CRYSTAL STRUCTURE DETERMINATION OF KARIBIBITE, AN FE3+ ARSENITE, USING ELECTRON DIFFRACTION TOMOGRAPHY

VALLCORBA, ORIOL; RIUS, JORDI; MUGNAIOLI, ENRICO; GOÑI, ALEJANDRO; COLOMBO, FERNANDO; GARCÍA, ALBERTO

MINERALOGICAL MAGAZINE

MINERALOGICAL SOC

Lugar: Middlesex; Año: 2017 vol. 81 p. 1191 - 1202

0026-461X

The crystal structure of karibibite, Fe3+3 (As3+O2)4(As3+2 O5)(OH), from the Urucum mine (Minas Gerais, Brazil), was solved and refined from electron diffraction tomography data [R1 = 18.8% for F > 4σ(F)] and further confirmed by synchrotron X-ray diffraction and density functional theory (DFT) calculations.

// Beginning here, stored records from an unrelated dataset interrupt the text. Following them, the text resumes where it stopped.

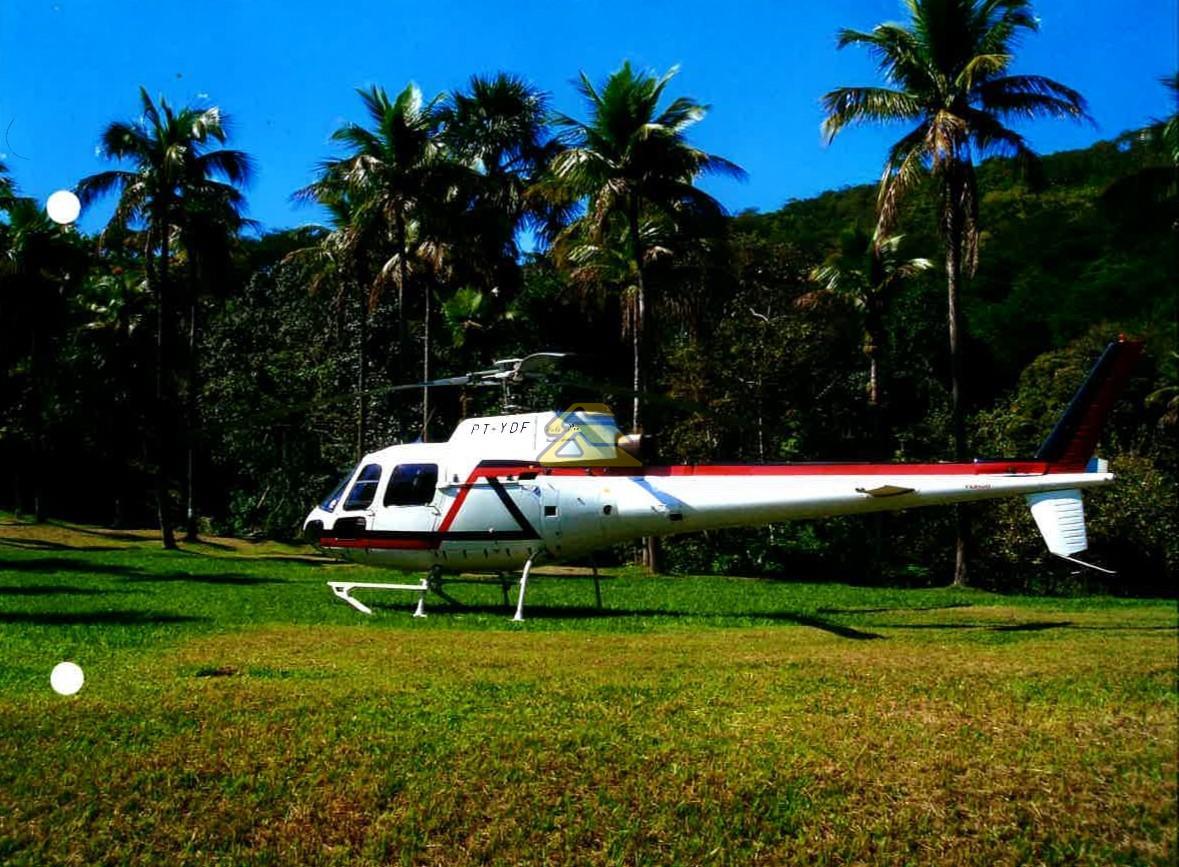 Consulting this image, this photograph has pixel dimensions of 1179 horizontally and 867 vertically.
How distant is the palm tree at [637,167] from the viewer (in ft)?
51.2

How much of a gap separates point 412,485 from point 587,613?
2721 millimetres

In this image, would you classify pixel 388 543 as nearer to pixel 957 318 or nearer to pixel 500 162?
pixel 957 318

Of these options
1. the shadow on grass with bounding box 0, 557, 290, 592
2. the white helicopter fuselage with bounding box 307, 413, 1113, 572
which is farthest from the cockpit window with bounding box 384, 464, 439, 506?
the shadow on grass with bounding box 0, 557, 290, 592

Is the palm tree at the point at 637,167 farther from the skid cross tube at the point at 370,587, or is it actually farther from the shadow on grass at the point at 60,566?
the shadow on grass at the point at 60,566

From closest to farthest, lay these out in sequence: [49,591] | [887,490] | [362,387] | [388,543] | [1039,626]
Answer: [1039,626] < [887,490] < [388,543] < [49,591] < [362,387]

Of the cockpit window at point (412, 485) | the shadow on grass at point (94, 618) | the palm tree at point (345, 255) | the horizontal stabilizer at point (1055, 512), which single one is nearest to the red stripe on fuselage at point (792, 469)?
the horizontal stabilizer at point (1055, 512)

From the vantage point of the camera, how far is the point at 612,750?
445 centimetres

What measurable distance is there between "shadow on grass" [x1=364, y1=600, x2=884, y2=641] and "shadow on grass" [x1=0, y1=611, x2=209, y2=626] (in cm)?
263

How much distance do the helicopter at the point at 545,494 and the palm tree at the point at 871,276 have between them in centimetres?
1084

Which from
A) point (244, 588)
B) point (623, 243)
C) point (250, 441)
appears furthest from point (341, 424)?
point (244, 588)

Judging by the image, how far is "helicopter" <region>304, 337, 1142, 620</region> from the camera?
385 inches

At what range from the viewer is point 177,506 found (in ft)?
98.5

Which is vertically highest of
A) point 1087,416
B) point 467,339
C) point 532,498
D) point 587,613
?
point 467,339

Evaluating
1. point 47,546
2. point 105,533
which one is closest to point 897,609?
point 47,546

The mineral is orthorhombic, space group Pnma and unit-cell parameters (synchrotron X-ray diffraction) are a = 7.2558(3), b = 27.992(1), c = 6.5243 (3) Å, V = 1325.10(8) Å3 , Z = 4. The crystal structure of karibibbite consists of bands of Fe3+O6 octahedra running along a framed by two chains of AsO3 trigonal pyramids at each side, and along c by As2O5 dimers above and below. Each band is composed of ribbons of three edge- sharing Fe3+O6 octahedra, apex-connected with other ribbons in order to form a kinked band running along a. The atoms As(2) and As(3), each showing trigonal pyramidal coordination by O, share the O(4) atom to form a dimer. In turn, dimers are connected by the O(3) atoms, defining a zig-zag chain of overall (As3+O2) n stoichiometry. Each ribbon of (Fe3+O6) octahedra is flanked on both edges by the (As3+O2) n chains. The simultaneous presence of arsenite chains and dimers is previously unknown in compounds with As3+. The lone-electron pairs (4s2 ) of the As(2) and As(3) atoms project into the interlayer located at y = 0 and y = ½, yielding probable weak interactions with the O atoms of the facing (AsO2) chain. The DFT calculations show that the Fe atoms have maximum spin polarization, consistent with the Fe3+ state.